The “Give” Mentality

One day last week, my kids were whining about everything.  A spirit of ingratitude seemingly had filled the house like a black cloud.  They started complaining at breakfast about the food. After breakfast instead of playing together, all they could do was fight with each other.  They were whining about toys and the things they wanted but didn’t have. Nothing was good enough for them that day, and they kept wanting more and more.

After a few hours of hearing complaining and whining, I realized that we needed to do something to break this pattern of ingratitude. I told them to go get their “Give” money so that we could figure out how we could give to someone in need. Together, they had $20 to give, so they started thinking through some ways to help other people instead of being focused on what they wanted.   

Tacos For The Homeless

We came up with several ideas, and finally settled on one. The kids decided to buy tacos and cold drinks to hand out to homeless people in the city.  They’ve been around homeless ministry with us, but they had never actually given their money to a homeless cause.

Mom made some extra tacos for us at breakfast that we wrapped up in foil. We all hopped in the car and headed to the store where the kids picked out the drinks to give away.  We filled up the cooler and journeyed downtown for a fun adventure to give.

Over the next hour, we drove around and stopped whenever we saw someone who looked like they may need some food.  The kids handed out the drinks and the tacos. They got to stop focusing on themselves, and actively go to someone who actually needs help.

Spiritually, both of these actions – the stopping and the going – are healthy. They build off of each other. The more we learn how to stop focusing only on ourselves, the more open we become to the people around us. We finally can see how God wants to work through us to love and serve them.  The more we go, the easier it becomes to think less about ourselves.

The Heart

One of my favorite places that God instructs us clearly on how we are to serve others is found in 1st John chapter 3:

16 This is how we know what love is: Jesus Christ laid down his life for us. And we ought to lay down our lives for our brothers and sisters. 17 If anyone has material possessions and sees a brother or sister in need but has no pity on them, how can the love of God be in that person? 18 Dear children, let us not love with words or speech but with actions and in truth.

19 This is how we know that we belong to the truth and how we set our hearts at rest in his presence: 20 If our hearts condemn us, we know that God is greater than our hearts, and he knows everything.

I know the feeling from verse 20 all too well.  Often, I get caught up in my own world and overly focused on my own agenda.

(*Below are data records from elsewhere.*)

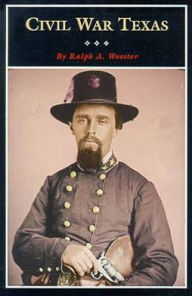 Title: Civil War Texas: A History and a Guide, Author: Ralph A. Wooster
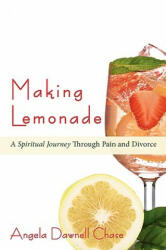 Making Lemonade - Angela Dawnell Chase (ISBN: 9780595531141)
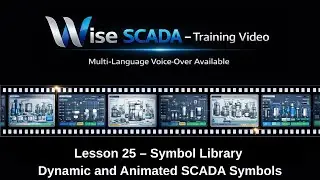 Wise SCADA Tutorial #25 | Symbol Library | Dynamic and Animated SCADA Symbols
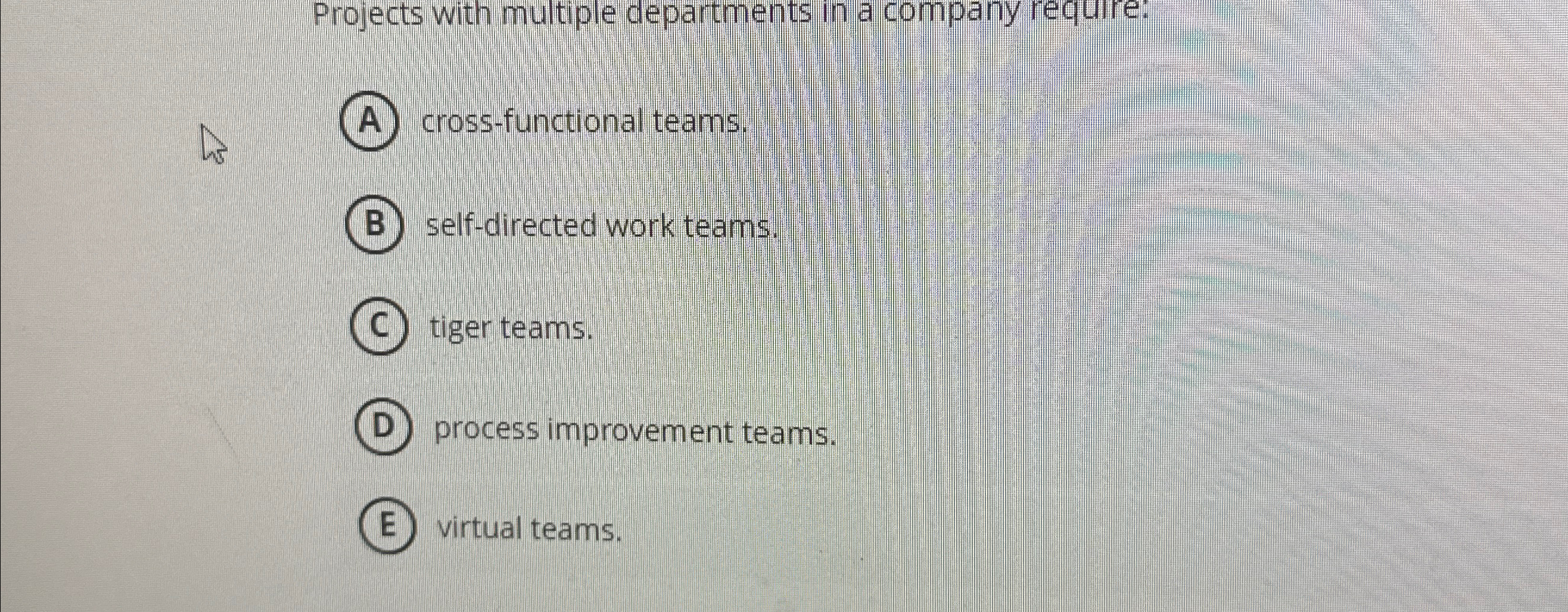 Projects with multiple departments in a company require: cross-functional teams. self-directed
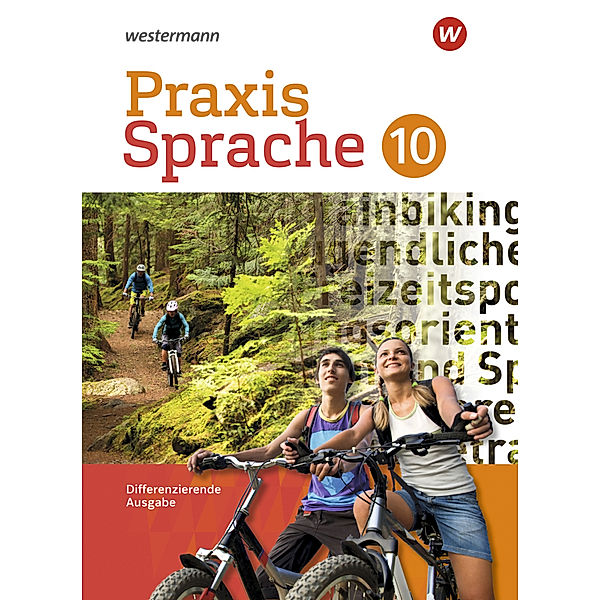 Praxis Sprache - Differenzierende Ausgabe 2017, Regina Nussbaum, Ursula Sassen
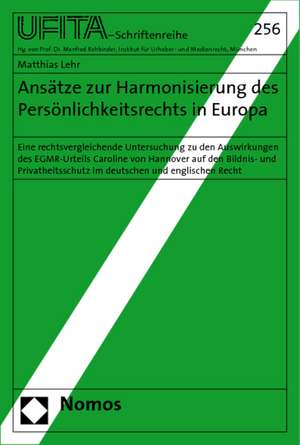 Ansatze Zur Harmonisierung Des Personlichkeitsrechts in Europa: Eine Rechtsvergleichende Untersuchung Zu Den Auswirkungen Des Egmr-Urteils Caroline Vo de Matthias Lehr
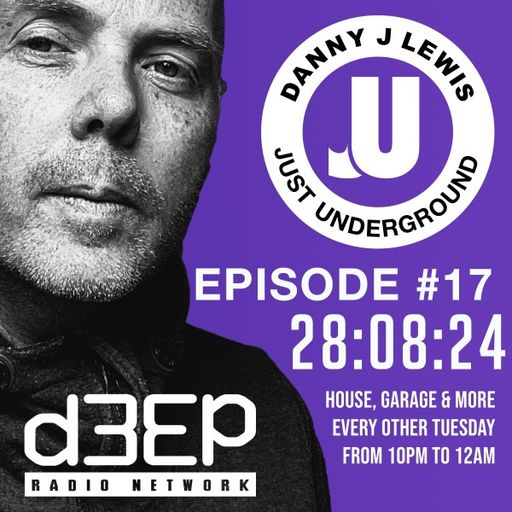 Danny J Lewis - Just Underground (28/08/24)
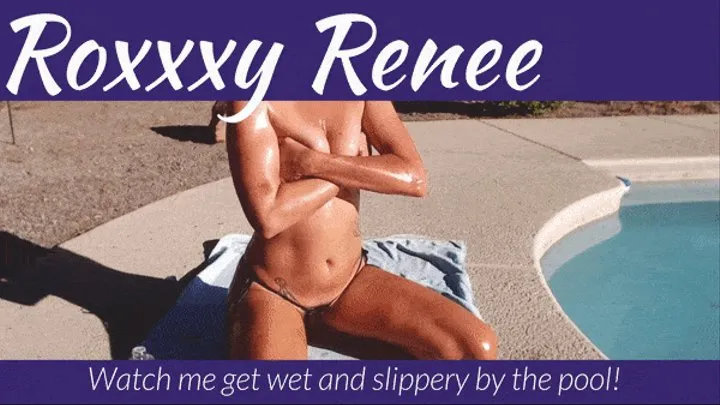 Watch me get wet and slippery by the pool!!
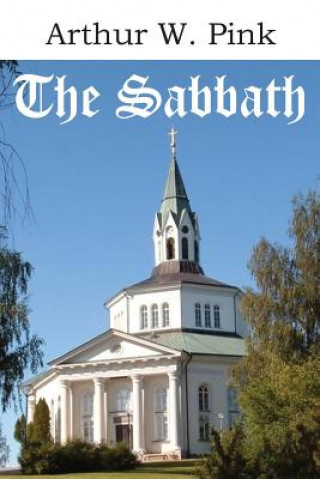 Carte Sabbath Arthur W. Pink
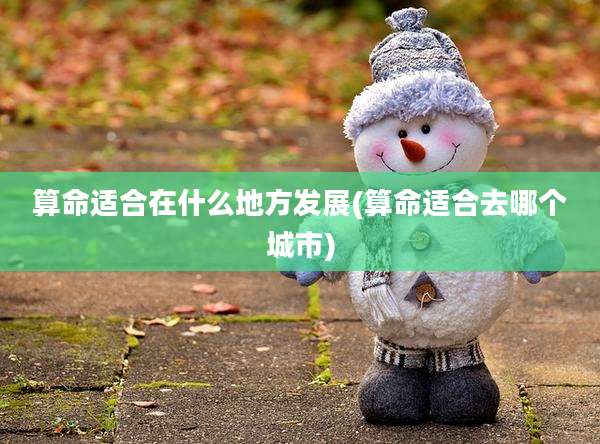 算命适合在什么地方发展(算命适合去哪个城市)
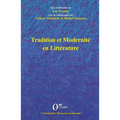 Tradition Et Modernite En Litterature
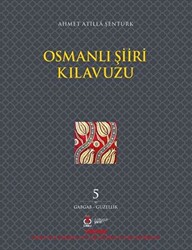 Osmanlı Şiiri Kılavuzu 5. Cilt - 1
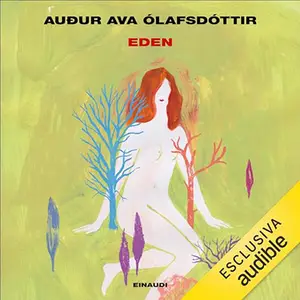 «Eden» by Auður Ava Ólafsdóttir
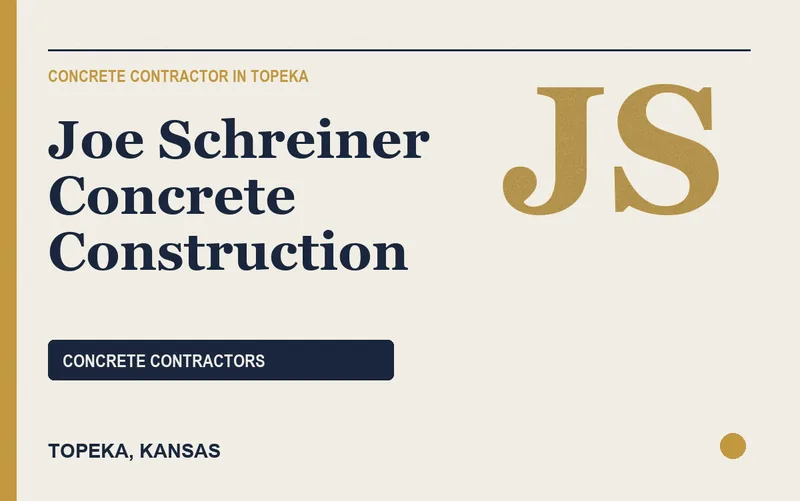 Joe Schreiner Concrete Construction in Topeka, Kansas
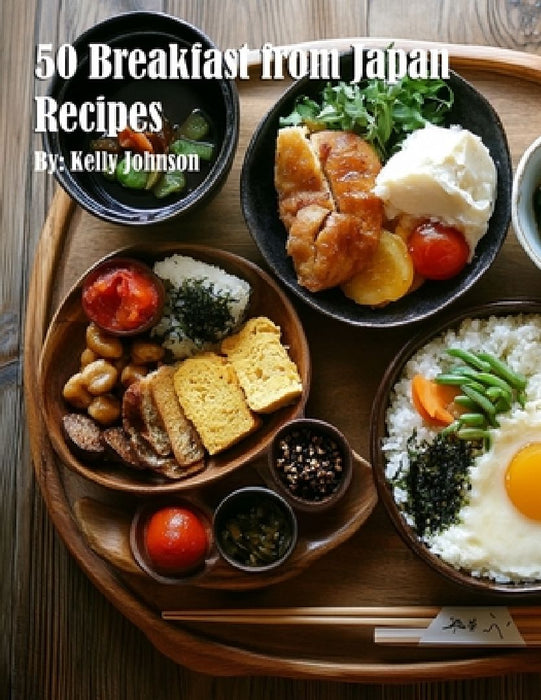50 Breakfast from Japan Recipes by Kelly Johnson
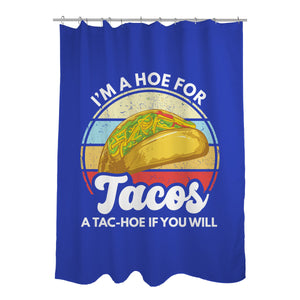 I'm a Hoe for Tacos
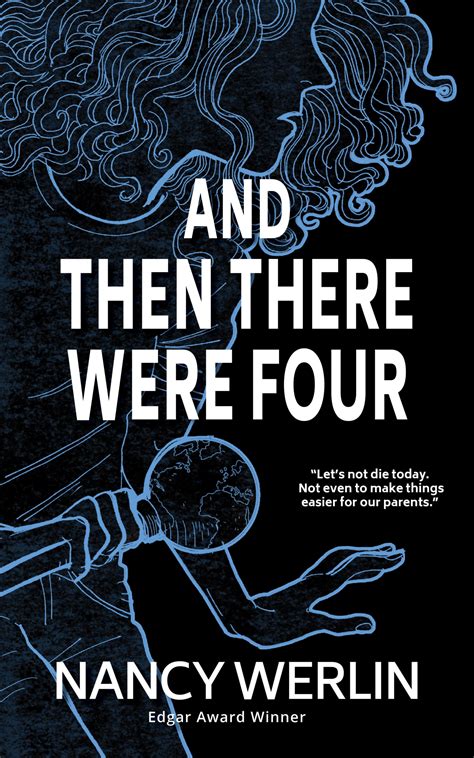 It is a great novel by a great author. . And then there were four by lilith carrie chapter 22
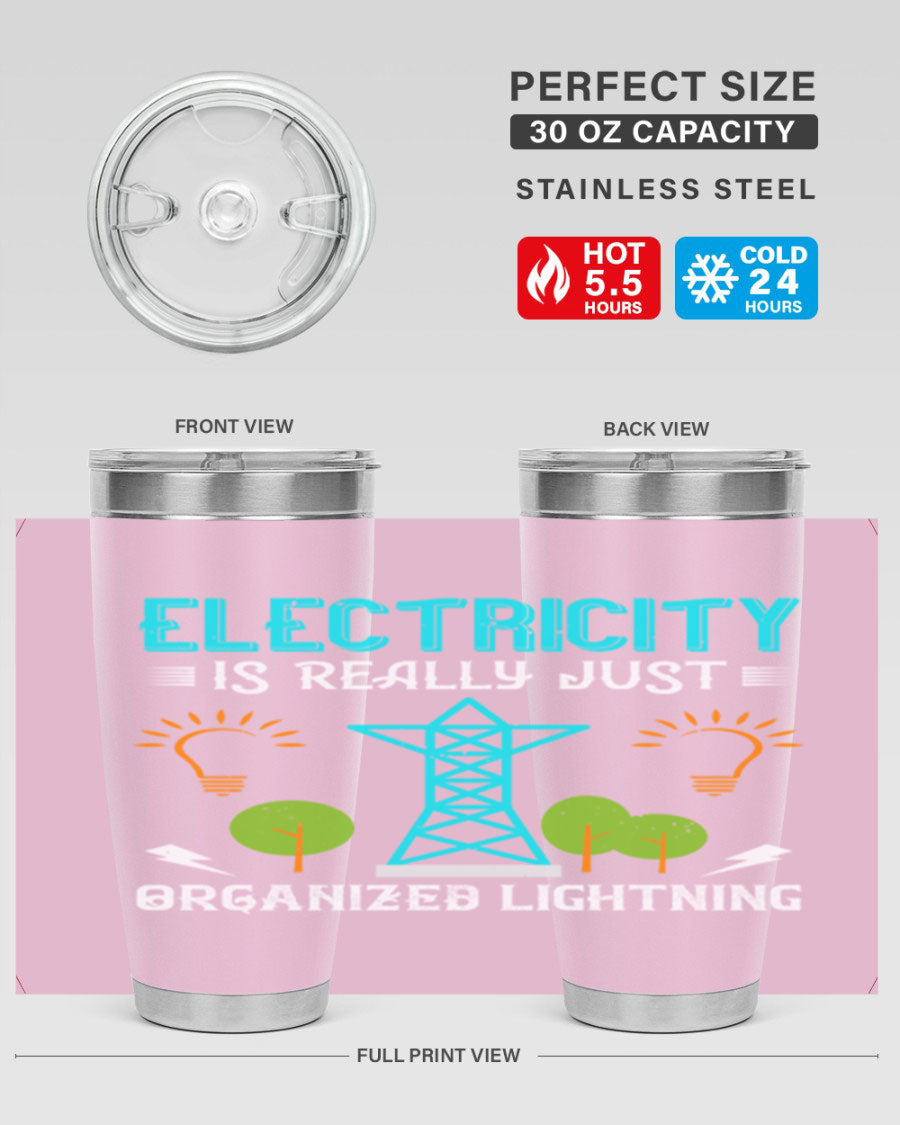 Electricity is really just organized lightning tumbler, double wall vacuum stainless steel with copper lining, featuring a drink-thru lid.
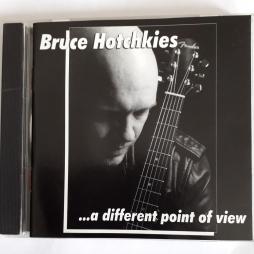 ...A Different Point Of View di Bruce Hotchkies - CD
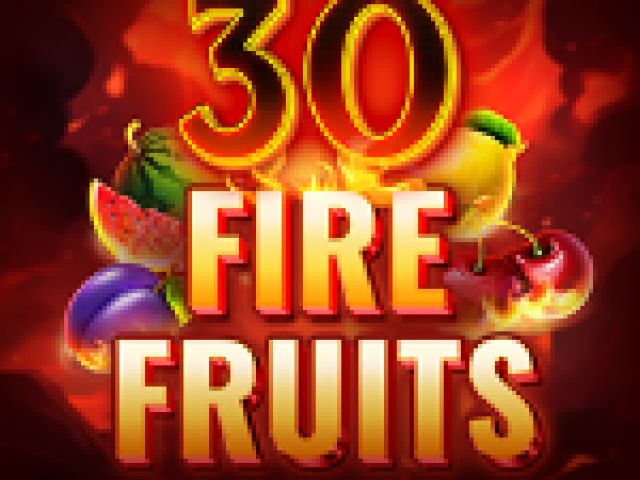 30 Fire Fruits
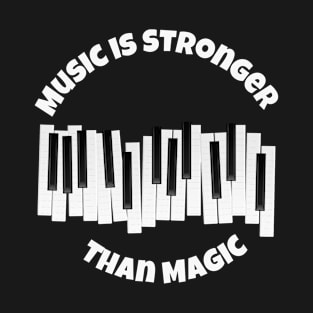 Music is stronger than magic T-Shirt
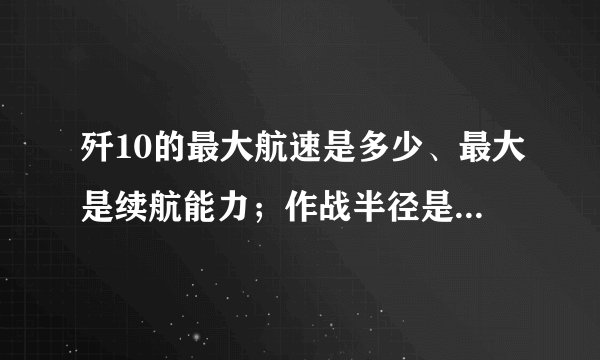 歼10的最大航速是多少、最大是续航能力；作战半径是多少；它的航速难道在2.5马赫以上么？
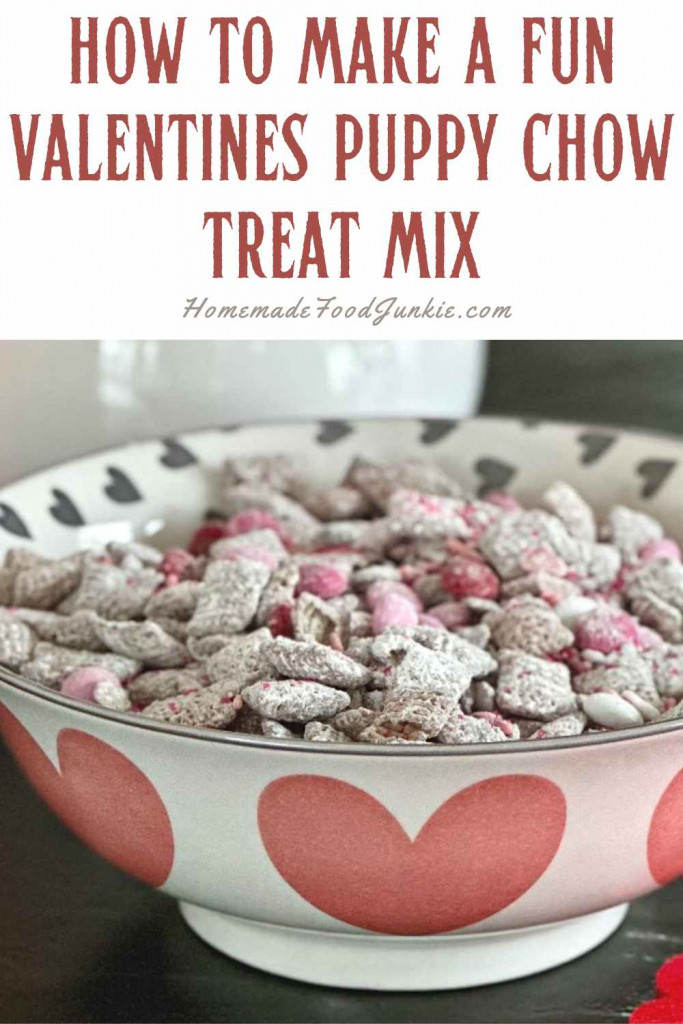 how to make a fun valentines puppy chow treat mix-pin image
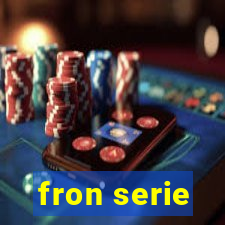 fron serie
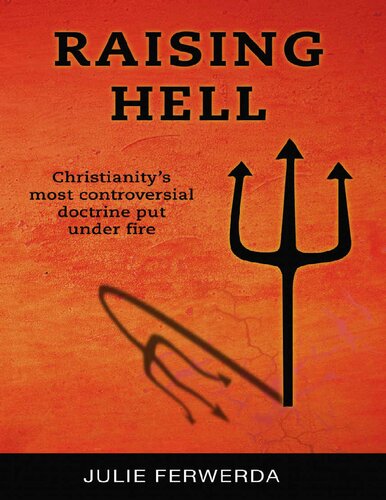 Raising Hell Christianitys Most Controversial Doctrine Put Under Fire Julie Ferwerda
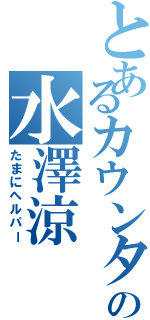 とあるカウンター係の水澤涼（たまにヘルパー）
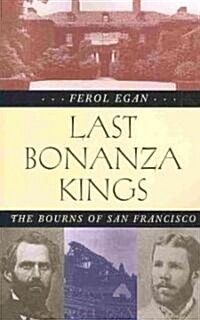 Last Bonanza Kings: The Bourns of San Francisco (Paperback)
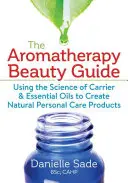 Az aromaterápiás szépségkalauz: A vivőanyagok és az illóolajok tudományának felhasználása természetes testápolási termékek létrehozásához - The Aromatherapy Beauty Guide: Using the Science of Carrier and Essential Oils to Create Natural Personal Care Products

My heart naturally starts gravitating towards ungratefulness during those times. My focus settles on me, what I want, and what I don’t have.

With children it’s much easier to see ungratefulness than with adults sometimes.  They are unabated in their responses and emotions. Kids haven’t learned to lie as well as adults.  They wear their ungratefulness on their sleeve and it’s out in the open for everyone to see. When you notice your child acting in an ungrateful manner, it’s your job to guide them the right way. We have to guide them back to thankfulness and away from themselves.

Children will not remember the large majority of what you tell them.  However, they will remember what you do. Are you showing your children how to love with actions and in truth?